Add gaiadr3 catalog for generate_database

esa / tetra3

A fast lost-in-space plate solver for star trackers.

https://tetra3.readthedocs.io/en/latest/

Apache License 2.0

91 stars 22 forks source link

Add gaiadr3 catalog for generate_database #19

Open matwey opened 9 months ago

cgobat commented 9 months ago

This would be the only catalog to operate through a remote query, rather than using a local file. This difference may not be desirable, especially if it is not clear/well documented what selecting 'gaiadr3' will do.
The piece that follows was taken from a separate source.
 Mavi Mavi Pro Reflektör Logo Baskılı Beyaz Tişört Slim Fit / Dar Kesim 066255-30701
This also introduces a new dependency/requirement in astropy/astroquery, which probably warrants some discussion as well.

Do you know of anywhere one could obtain a downloadable "dump" of the relevant Gaia DR3 columns, so that the workflow can be made to match the other three catalogs?
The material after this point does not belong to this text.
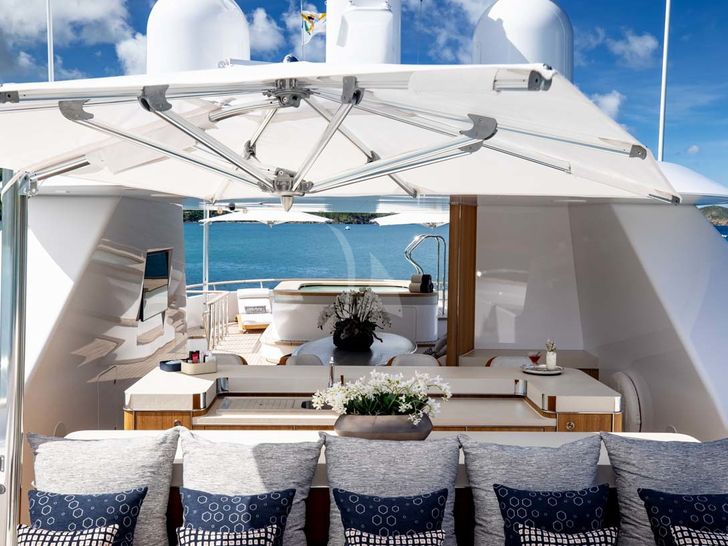 Broadwater 55m Feadship Sun Deck Bar Broadwater 55m Feadship Sun Deck Bar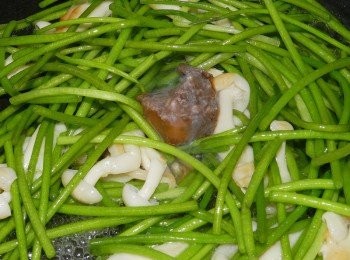 step4: 舀入一大匙的醬與一大匙的水，炒好就可以起鍋囉～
matwey commented 9 months ago

Hi,

GAIA DR3 source catalog is available as 700GB of compressed CSV files at: https://cdn.gea.esac.esa.int/Gaia/gdr3/gaia_source/

However, I don't think that this using whole catalog would be useful because from 700GB of compressed CSV you obtain comparable amount of Tetra3 database. And this can be hardly loaded into RAM. It means, that you need to filter the source catalog either by magnitude or by coordinates and this is easier to do on the server side not downloading whole data.

However, introducing additional dependency can be an issue. So what is about introducing generate_database function variant with a plain numpy array as an catalog? It would allow user to provide [ra,dec,mag].

cgobat commented 9 months ago

Right. I definitely agree that it doesn't make sense to have to download hundreds of GB of data just to perform the filtering locally.

Here is a Gist where I show how to generate a Tetra3-style database from a FITS binary table (e.g., as downloaded from CDS/Vizier—see the ADQL query in the Gist). This could easily be adapted to the case where a NumPy array of RAs, Decs, and magnitudes is already available.

gustavmpettersson commented 9 months ago

Hi,

Gaia has the finest star databases yet (and will probably remain so for decades), so I agree with the concept of including it as an option. We should think about it's implications and implementation.

First of all, how complete is the catalogue, especially for bright stars? Right now I think we need six fields, (ra, dec, pm_ra, pm_dec, vis_mag, ID). The exact magnitude scale I don't this is important, what matters is the ordering, and if we leave it as unmodified magnitude for the given catalogue return_matches has more useful data. The tycho database has this issue that tons of bright stars are missing or don't have proper motions, leading to poor performance in wide fov applications.

We can lazily include extra dependencies for Gaia based database building, I don't think that's a problem. I also don't mind being able to put your own np array to build from, maybe that's something people would like to experiment with.

Please let me know your thoughts